Roma. Incalzata da quasi trecento denunce per abusi sui minori e minacciata da migliaia di ulteriori esposti già nelle mani degli avvocati, martedì l’associazione dei Boy Scout americani ha presentato le carte per la procedura di bancarotta in un tribunale del Delaware. Era un destino scritto da quando, in autunno, sono saltate le trattative con i legali delle vittime per patteggiare i risarcimenti e fermare il flusso delle querele. I rappresentanti dei Boy Scout hanno scritto che “la possibilità di portare avanti la nostra missione per le future generazioni potrebbe essere compromessa” e che il costo per difendersi e risarcire “è diventato insostenibile”.

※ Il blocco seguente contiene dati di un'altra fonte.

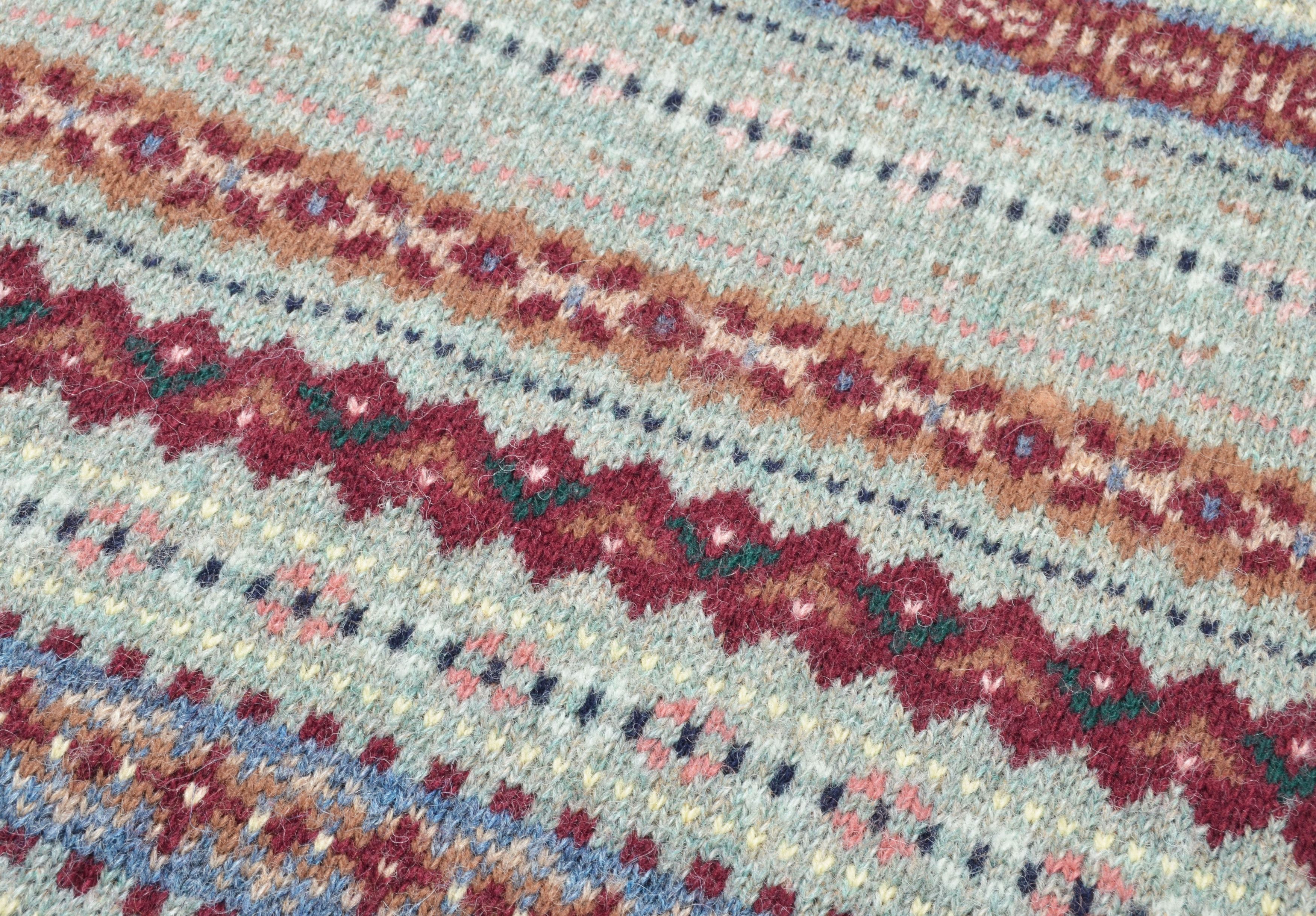 Eddie Bauer Vintage Eddie Bauer 90's Cottagecore Fair Isle Wool Sweater Size L / US 10 / IT 46 - 7 Thumbnail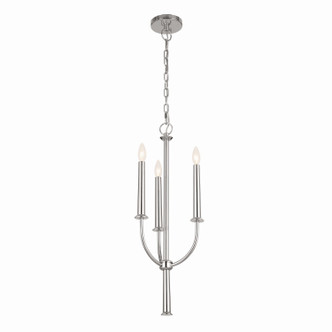 Kichler - 52496PN - Three Light Mini Chandelier - Florence - Polished Nickel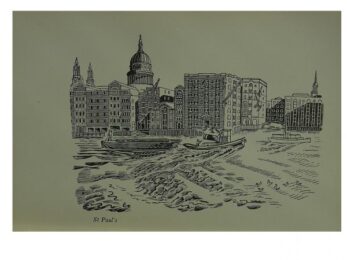 St Paul’s Cathedral by Edward Bawden at Brandler Galleries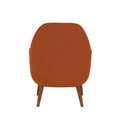 Astrid Mid Century Burnt Orange Velvet Arm Chair Orange Foam Velvet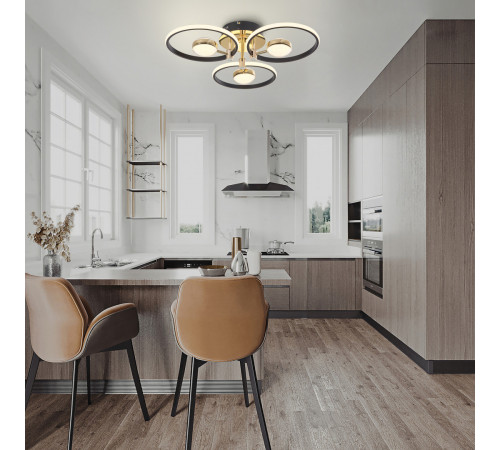 Потолочный светильник Arte Milano Ferrara 276140/3+3 BK/GD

Dal 2017 i Boy Scout hanno speso circa 150 milioni di dollari, a fronte di 394 milioni di ricavi complessivi, e i costi sono destinati a crescere, visto che alcuni stati come New York e California hanno approvato leggi che permettono di sporgere denuncia per abusi avvenuti in qualsiasi momento, anche diversi decenni fa, e altri stati si stanno attrezzando per passare misure simili. E nel frattempo i ricavi calano, di pari passo con il crollo degli iscritti, che nel 2019 hanno toccato il picco negativo di 2,2 milioni. I mormoni hanno disertato in blocco la divisa, creando una nuova associazione per i 400 mila ragazzi fuoriusciti dopo l’esplosione degli scandali. Nemmeno il percorso di riallineamento culturale intrapreso negli ultimi anni ha potuto contenere i danni reputazionali collegati agli abusi sui minori e alla rete di coperture e omertà ordita dagli adulti. Gli scout hanno ammesso nei ranghi i membri gay, poi i transgender, hanno aperto una sezione femminile, hanno ammesso le colpe del passato e approvato protocolli più rigidi per salvaguardare i giovani, hanno cambiato l’intera leadership e promesso trasparenza e collaborazione per fare chiarezza sui soprusi e risarcire adeguatamente le vittime, ma la bancarotta era l’unico modo per arginare le perdite. Si tratta di una manovra strategica che permetterà di creare un fondo per le vittime e allo stesso tempo di proteggere le 261 sezioni locali indipendenti, che detengono il 70 per cento circa delle risorse complessive della rete scoutistica, ma è simbolicamente un punto di non ritorno per una realtà che dal 1910 instilla nei ragazzi americani di buona volontà “patriottismo, coraggio, autonomia e gentilezza”, coniugando il moralismo militaresco di Baden-Powell con l’ardore avventuriero di Teddy Roosevelt, il presidente esploratore. In oltre un secolo di storia 130 milioni di ragazzi americani sono passati per gli scout, istituzione che sembra ora avviata al tramonto per via di colpe “imperdonabili”, come ha ammesso il chairman, Jim Turley.
La bancarotta degli scout, che con il suo corollario di significati e rimandi è un evento da fine di un’epoca, apre, anzi riapre, una questione che va molto oltre le responsabilità specifiche e le strategie di contenimento dell’associazione: è ancora possibile creare luoghi educativi e ricreativi in cui adulti e ragazzi condividono spazi di prossimità? C’è ancora uno ruolo legittimo per le reti associazionistiche che promuovono quel senso di comunità di cui poi ci si duole quando viene meno? La chiesa cattolica americana, assai implicata nell’educazione, è da decenni in ritirata per gli abusi sui minori, e negli ultimi quindici anni venti entità, fra diocesi e ordini religiosi, hanno dichiarato la bancarotta. Poi è arrivata l’ondata delle società sportive, altro ambito sociale classico in cui adulti e ragazzi sono a contatto: il tracollo dell’associazione americana di ginnastica a seguito dei terribili abusi dell’ex dottore della nazionale, Larry Nassar, non è che il più noto dei tracolli nel settore. La portata dello scandalo degli scout è ancora più vasta, dal punto di vista del numero dei crimini e delle ramificazioni legali, e perciò catalizza in modo potente il logoramento dei rapporti di fiducia e il tradimento di un’alleanza fra generazioni che va avanti da oltre un secolo. Il dramma ha dunque due piani: il primo è quello intollerabile della violenza degli adulti sui minori, che va individuata e sanzionata senza incertezze; il secondo riguarda l’indebolimento strutturale di quel sistema di reti sociali che contribuisce all’irrinunciabile necessità dell’educazione.